La brecha tampoco se reducirá pronto. Para 2026, se proyecta que el gasto en capital de Apple aumente ligeramente hasta aproximadamente $14 mil millones. Mientras tanto, se espera que Amazon invierta entre $180 mil millones y $200 mil millones, Alphabet aproximadamente $180 mil millones a $190 mil millones, Microsoft alrededor de $190 mil millones y Meta entre $125 mil millones y $145 mil millones.
Por qué la contención está ganando
Los inversores que normalmente distribuirían sus apuestas entre las grandes tecnológicas han estado dirigiéndose hacia Apple precisamente porque no está haciendo esa apuesta. La empresa ha optado por una estrategia de IA fundamentalmente diferente: capacidades en el dispositivo, integración con el ecosistema y asociaciones selectivas en la nube, en lugar de construir imperios extensos de centros de datos.
Este enfoque conlleva compromisos. Apple ha enfrentado retrasos en el lanzamiento de algunas de sus funciones de IA más ambiciosas, incluidas capacidades mejoradas de Siri que se han pospuesto hasta 2026. Pero los inversores han ignorado en gran medida esos retrasos, lo que indica algo sobre lo que realmente está valorando el mercado en este momento. No es la capacidad en IA. Es la disciplina fiscal.
La estrategia de Apple también refleja una diferencia filosófica sobre dónde debería realizarse el procesamiento de IA. En lugar de enrutar todo a través de infraestructura en la nube costosa, Apple ha estado impulsando el cómputo hacia sus dispositivos, aprovechando su ventaja en silicio personalizado. Esto mantiene los gastos de capital más bajos mientras sigue ofreciendo funciones de IA a su enorme base instalada.

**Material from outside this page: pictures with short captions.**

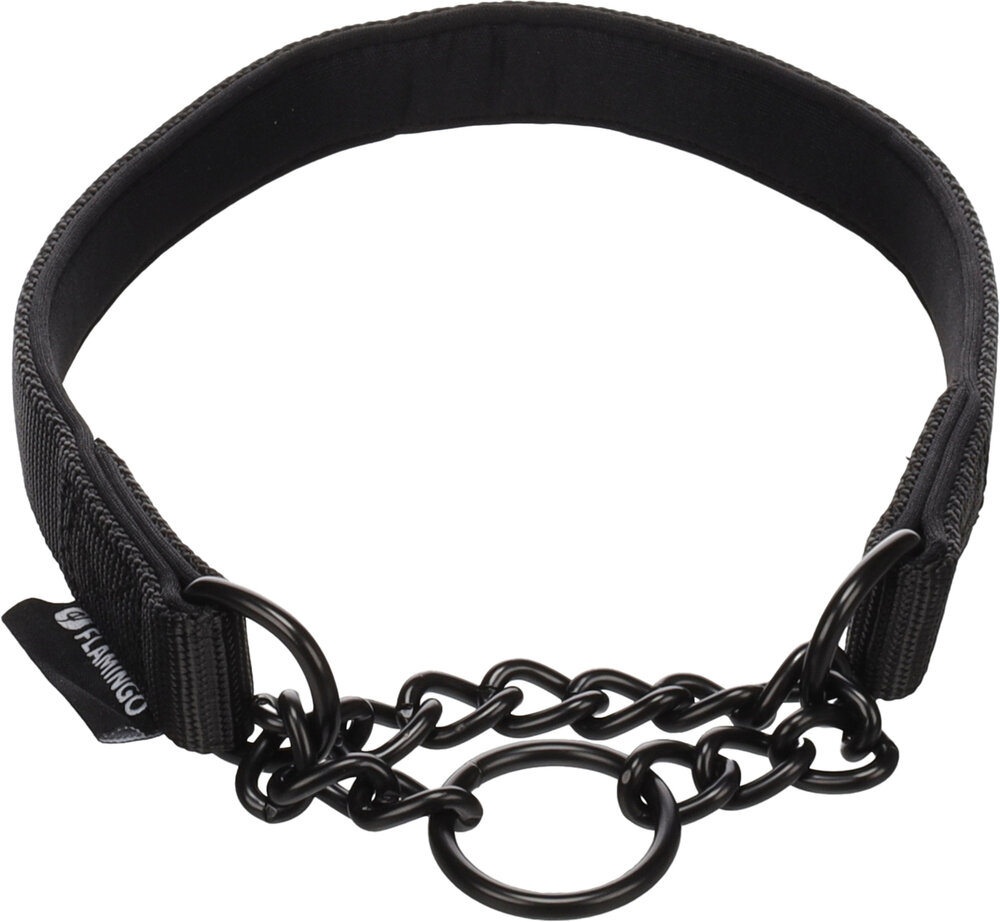Anti-trek halsband Trero Zwart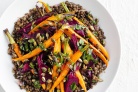 Lentil, roast beetroot and baby carrot...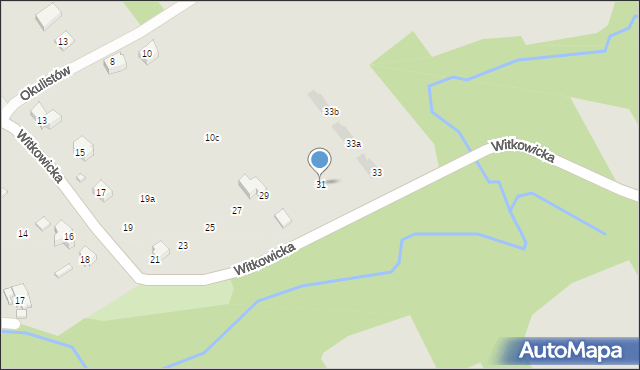 Kraków, Witkowicka, 31, mapa Krakowa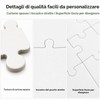 JOVYTH Puzzle In Legno Bianco 35 & 105 Pezzi, Puzzle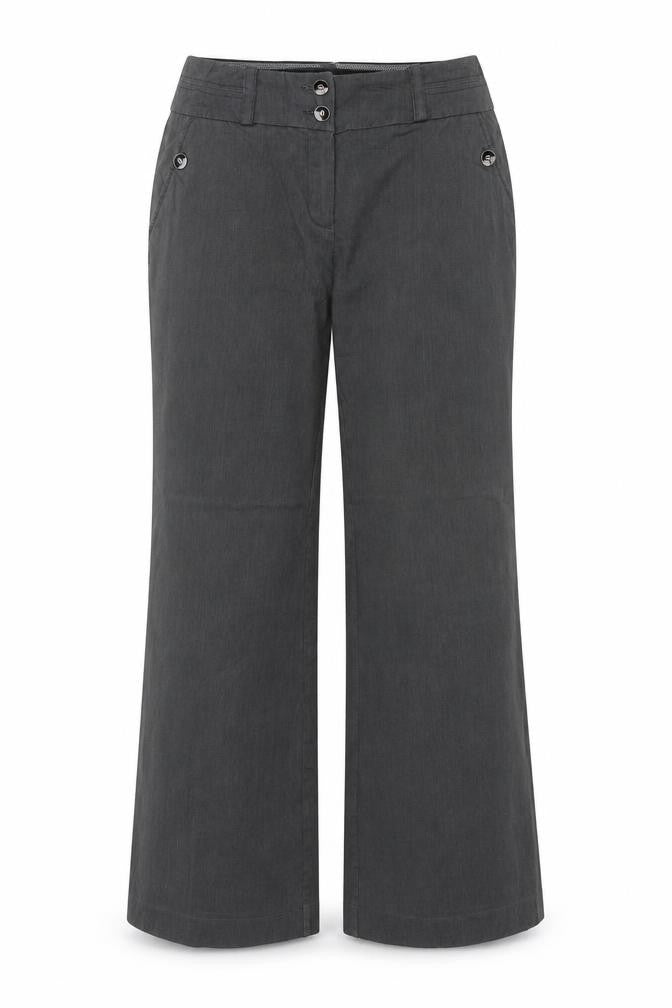 Principles Ben de Lisi Women’s Grey Pinstripe Wide Leg Trousers UK 12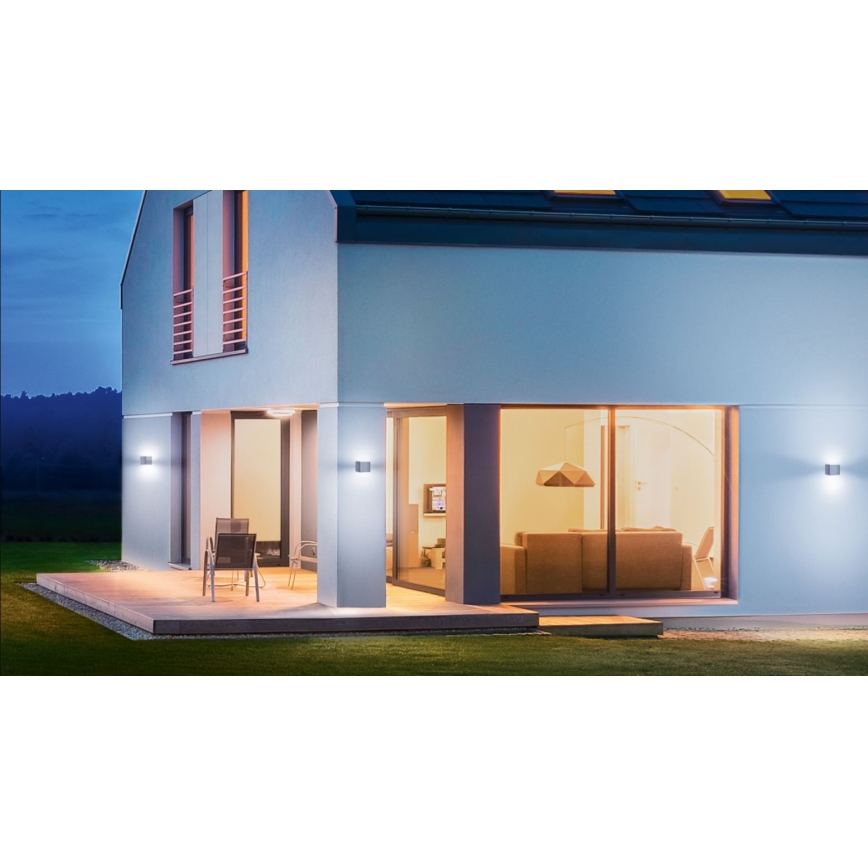 Steinel 055547 - Applique d'extérieur LED avec détecteur L 840 LED/9,5W/230V IP44 argent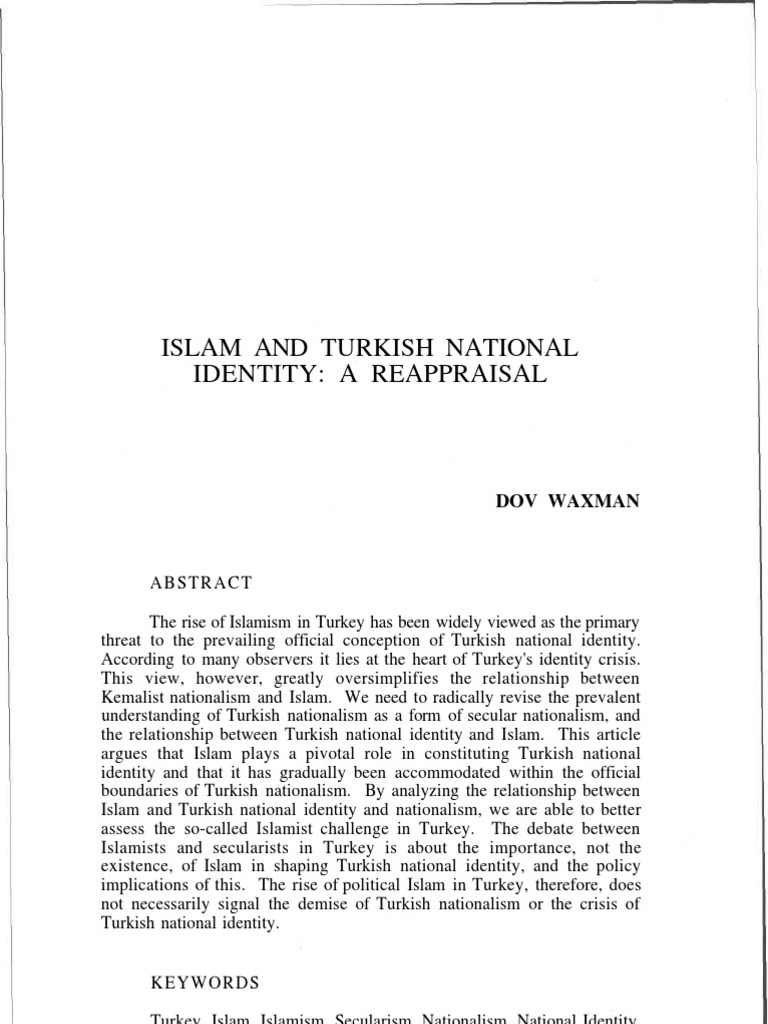 Islam's Role in Turkish National Identity | PDF | Turkey | Nationalism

Qué significa esto para los inversores
Estamos en un período inusual en el que gastar más en innovación se considera una responsabilidad en lugar de un activo. Los centros de datos de IA se están construyendo bajo la suposición de que la demanda se materializará a una escala que justifique el costo. Esa suposición sigue sin demostrarse al nivel de gasto que estamos viendo.

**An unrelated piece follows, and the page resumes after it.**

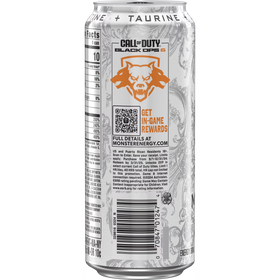 Monster Energy, Zero Ultra, Sugar Free Energy Drink, 4 Pack - 16 Fl Oz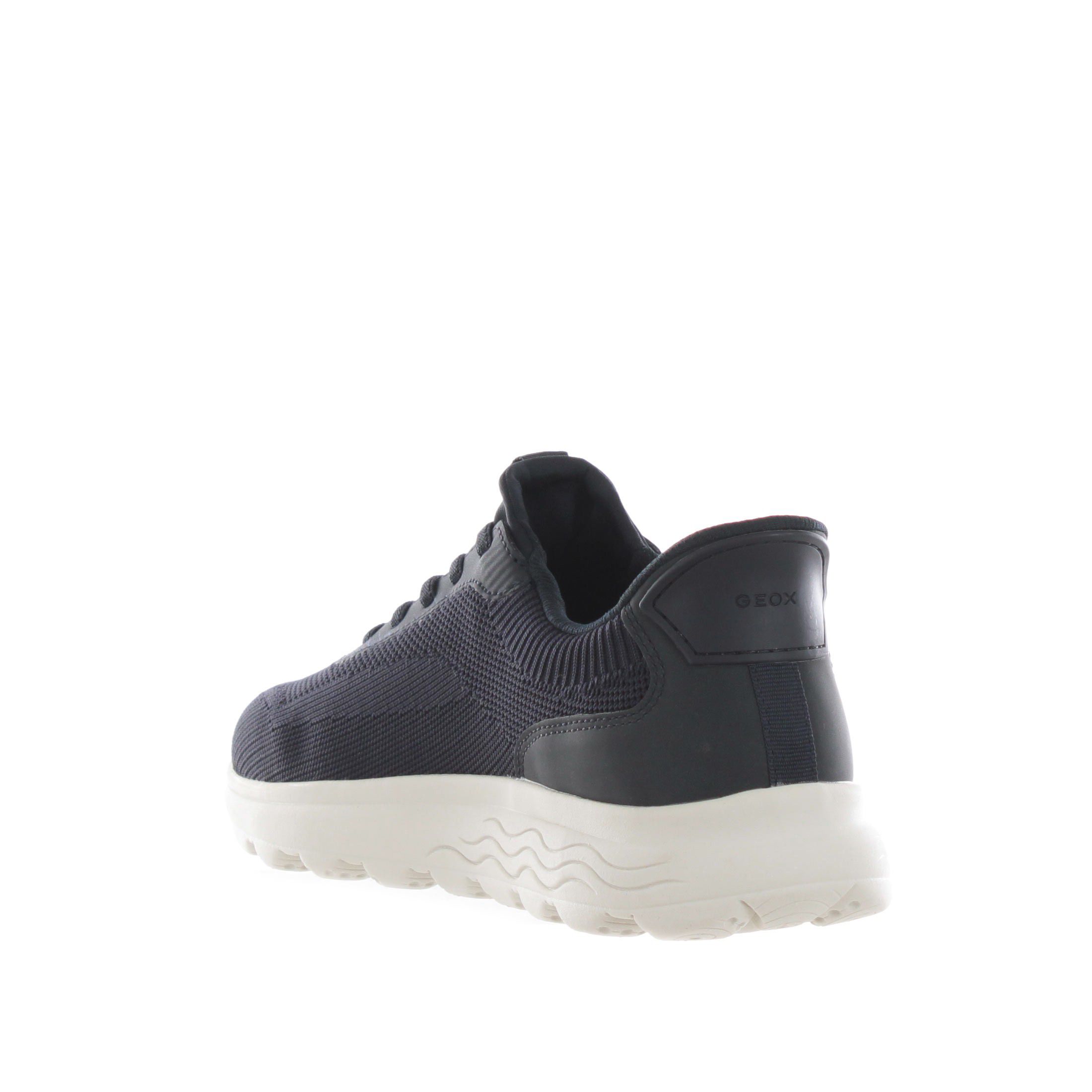 Geox sneaker spherica plus in maglia e nabuck da uomo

También existe un riesgo en el enfoque de Apple. Si la inversión en infraestructura de IA rinde resultados espectaculares, Apple podría encontrarse intentando alcanzar el ritmo sin la infraestructura necesaria para competir. La empresa está apostando básicamente que puede acceder a capacidades de IA a través de asociaciones y procesamiento en el dispositivo, sin poseer la infraestructura subyacente.

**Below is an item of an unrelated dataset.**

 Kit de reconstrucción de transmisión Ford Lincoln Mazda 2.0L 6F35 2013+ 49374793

Lo que los operadores deben vigilar es la próxima ronda de llamadas de resultados de Amazon, Alphabet, Meta y Microsoft. Cualquier indicio de que los ingresos de la IA se están materializando más rápido de lo esperado podría cambiar rápidamente la narrativa a favor de los grandes gastadores. Por el contrario, cualquier señal de rendimientos decrecientes o retrasos en los proyectos probablemente aceleraría la rotación hacia Apple y otros nombres con bajo gasto de capital. La brecha entre el gasto en capital de Apple y el de sus competidores nunca ha sido tan amplia.